__Material provided__.
>>>>>

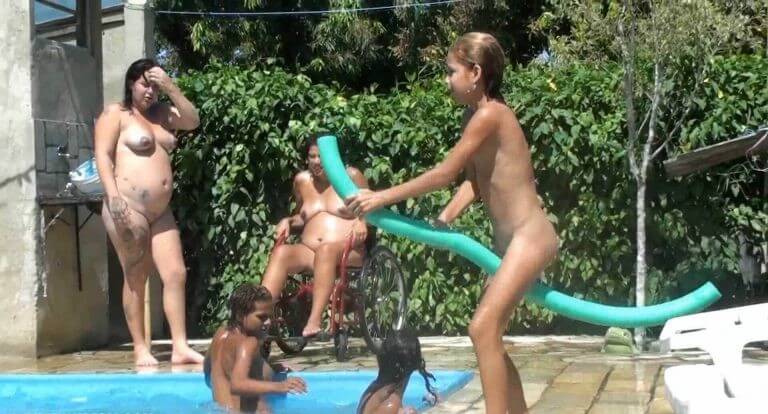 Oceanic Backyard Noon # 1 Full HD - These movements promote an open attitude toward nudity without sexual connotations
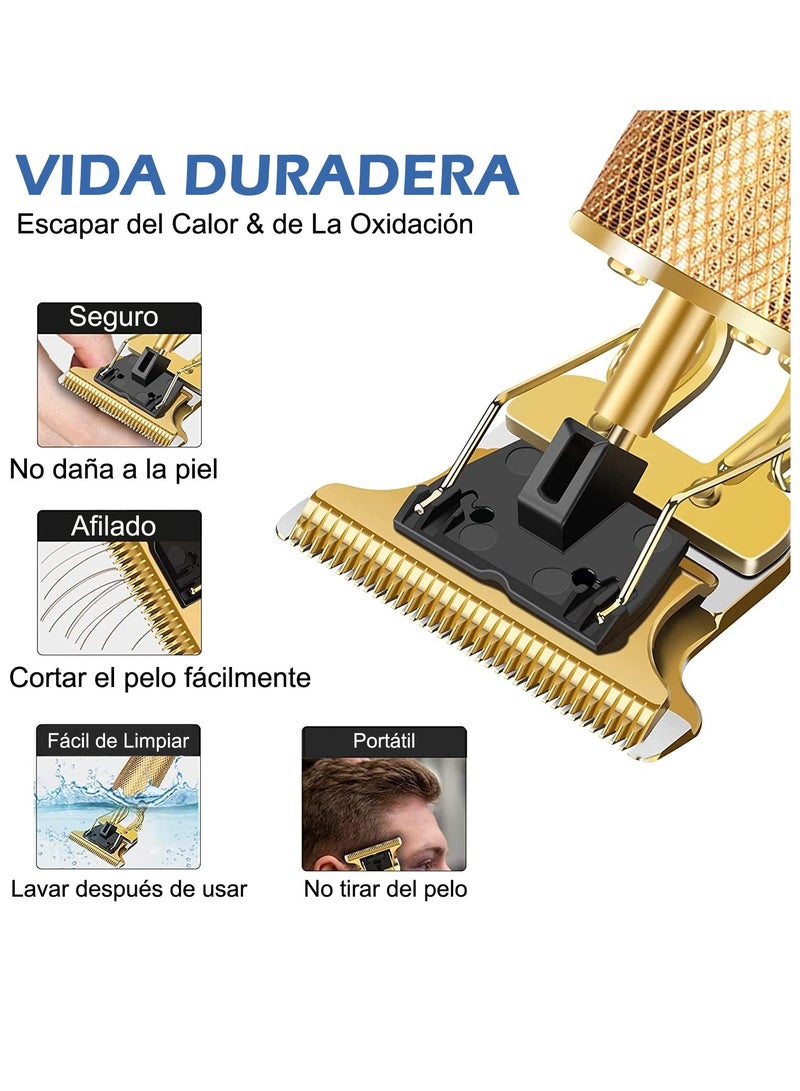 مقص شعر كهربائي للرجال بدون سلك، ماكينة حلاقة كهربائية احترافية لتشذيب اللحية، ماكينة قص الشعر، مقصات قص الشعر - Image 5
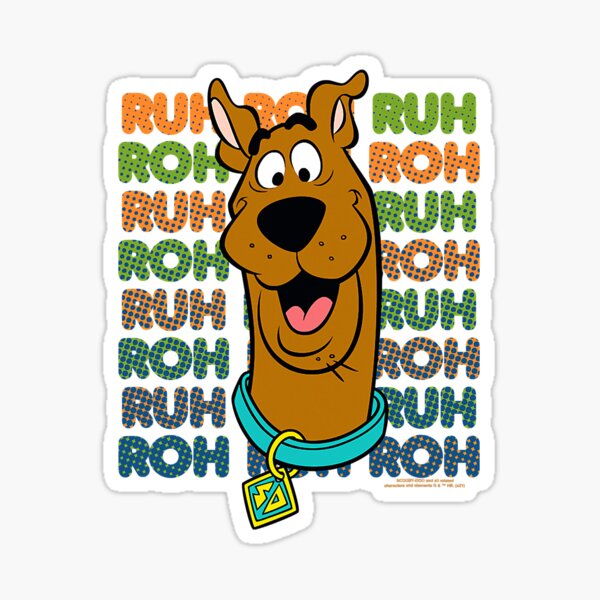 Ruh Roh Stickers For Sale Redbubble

<<<<<

__Problem__. All of the data gets printed again exactly; the pictures do not.

__Solution for this problem__.
 Oceanic Backyard Noon # 1 Full HD - These movements promote an open attitude toward nudity without sexual connotations
 مقص شعر كهربائي للرجال بدون سلك، ماكينة حلاقة كهربائية احترافية لتشذيب اللحية، ماكينة قص الشعر، مقصات قص الشعر - Image 5
 Ruh Roh Stickers For Sale Redbubble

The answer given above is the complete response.